I was just wondering if anyone has encountered some kind of programming application or algorithm where they really wanted/needed to have some synchronization between blocks/multiprocessors? In my current application, I basically have a single block per multiprocessor on my device. However, sometimes I need the outputs of one of these blocks to provide the inputs to another block. In my application, I am basically running until all the blocks converge to a stable state before exiting the kernel, but this means there is an undetermined number of times my blocks will evaluate their inputs.
Since the dependency between blocks, initially I had just used multiple kernel calls (First the lowest set of inputs execute on the device and the kernel exits. The next highest tier then uses the outputs as inputs, etc). However, since I am running to convergence, this may mean a lot of overhead of kernel-calls. So instead, I have basically created a work-queue like structure. When Block A finishes its output, it schedules B, who uses Block-A’s outputs as its inputs. This works using atomic primitives, so long as you dont have more blocks than multiprocessors.
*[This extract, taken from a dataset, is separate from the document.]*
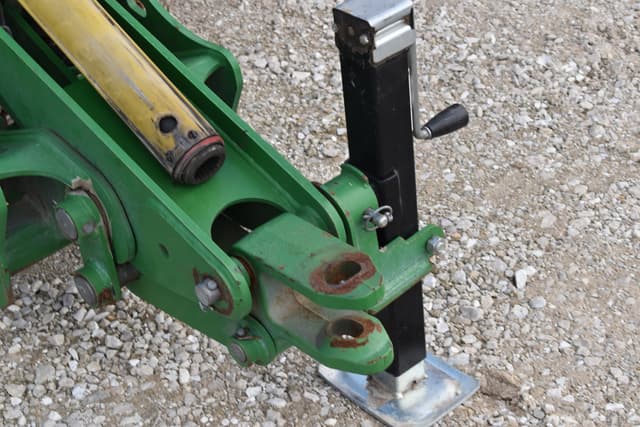 Image of John Deere R15 equipment image 3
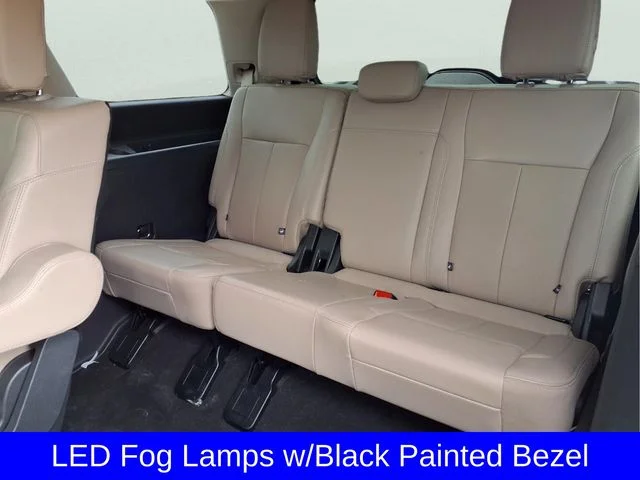 Used 2023 Red Ford XLT image 24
I guess I am interested if anyone else can think of some simple applications/algorithms that need to run to some undetermined number of times to convergence? Basically I would like to see if this kind of scheduling-queue using atomic primitives can be equally benefitial to some application other than my own. Any ideas would be greatly appreciate! Thanks!
In my opinion you are looking at the problem from wrong side. In the chapter 4 of programming guide you can read that the architecture of CUDA-capable devices is basically SIMD (single instruction multiple data). This means that for optimum performance all the threads launched must execute about the same code, but with different data.
So try thinking to split your problem in another way: try to “split” in some way your input data, with the objective of processing only one part of your data with one thread. You can place a loop in the kernel code that re-iterate the processing until you can reach the convergence you want. In this manner you can launch one thread per each block of input data and that thread operate on that data until it reaches the convergence.
I hope you have understand me, I’m not english and also I’m a CUDA newbie.